Sebbene sia dovuta una certa separazione tra questi due eventi, rimane chiaro che un trattamento del genere non possa essere riservato, ad esseri umani, spesso, costretti a fuggire da casa e famiglie, lasciando tutto quello che possiedono, a causa di guerre, integralismi religiosi o l’avanzata della miseria.

Polemiche che sembrano non aver scosso particolarmente il vice premier Lazar Janos, che si definisce molto soddisfatto della posizione dell’Ungheria, la quale non sta accogliendo profughi come dovrebbe fare secondo i trattati europei.
Intanto prosegue, nonostante inizialmente all’atto dell’annuncio dell’opera in molti pensassero si trattasse meramente di una provocazione,  la costruzione del  muro al confine sud con la Serbia ed i piani per il futuro non sono certo all’insegna dell’integrazione. Il premier Viktor Orban manifesta l’intenzione di costruire  campi subito dopo il confine nei quale identificare i migranti ed istituire il reato di immigrazione. Sebbene secondo l’opinione di molto giuristi di diritto internazionale, questo non sia possibile perché sarebbe in contrasto con le direttive europee, la posizione del Governo sembra non lasciare molti spazi per trattare.

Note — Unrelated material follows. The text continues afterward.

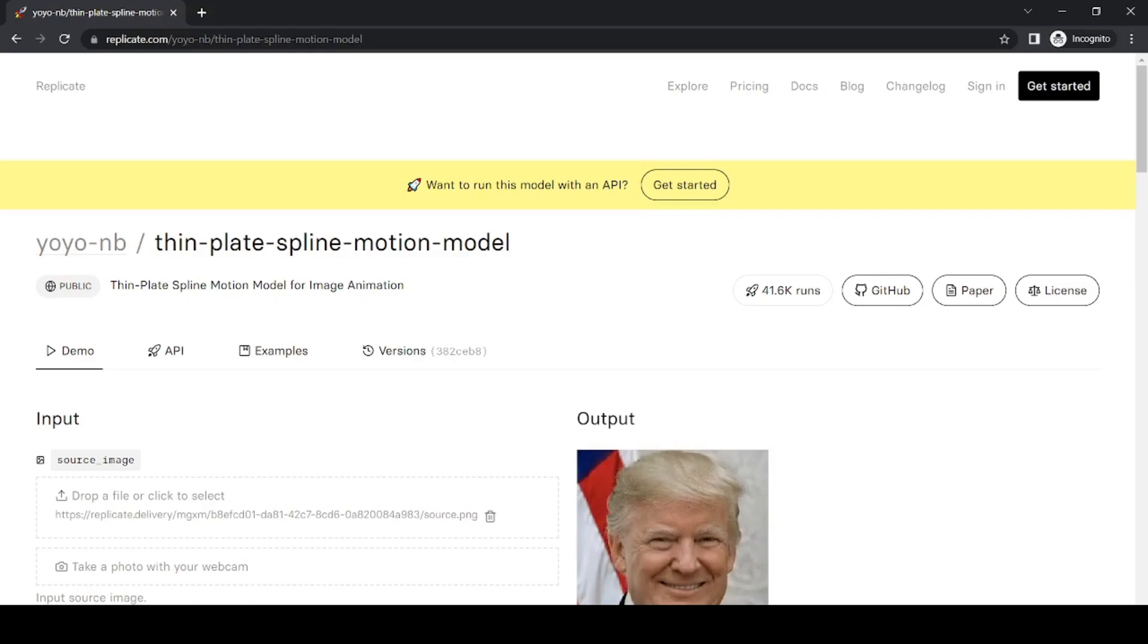To get started with animating an image using this tool, you'll need two input sources: an image that you want to animate, and a video that will be used to animate your image. The video you provide is called the driving video. Once you have your input sources ready, head over to the website by clicking the link in the description.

Una posizione quella magiara che, settimana dopo settimana, si sta facendo più intransigente.  I profughi, sostanzialmente,  ndrebbero fermati e identificati in Grecia, dove approdano, per meglio gestire l’emergenza.

Naturalmente ad un’Ungheria chiusa e rigida, fa da contraltare un’altra costituita dai tanti volontari di Migration Aid, una organizzazione nata dalla società civile, che nelle stazioni di Pecs e Szeged, avamposti magiari siti al confine, si preoccupa di fornire una minima accoglienza a chi arriva, distribuendo acqua, mappe, panini e supportando le donne con bambini. Una forma di volontariato, spesso, osteggiata dagli stessi  connazionali più estremisti. Non mancano poi i cittadini ungheresi pronti a dare ospitalità a chi è fuggito dai campi chiusi, strutture stipate del doppio rispetto alla capacità prevista
Un problema, comunque lo si voglia vedere, numericamente importante, come testimoniano i quasi 100 mila clandestini arrivati nel Paese dall’inizio del’anno, dei quali ben 75 mila hanno continuato la loro marcia verso Germania, Gran Bretagna, Austria, non così inclini a restare un una Nazione dove molti vedono nello straniero una minaccia,  anche sulla scorta di una propaganda nazionalistica che spinge in tal senso.
E intanto prosegue la costruzione di un muro con tanto di  filo spinato e lamette sul confine per impedire gli arrivi, un muro capace di portare indietro le lancette della storia di interi decenni.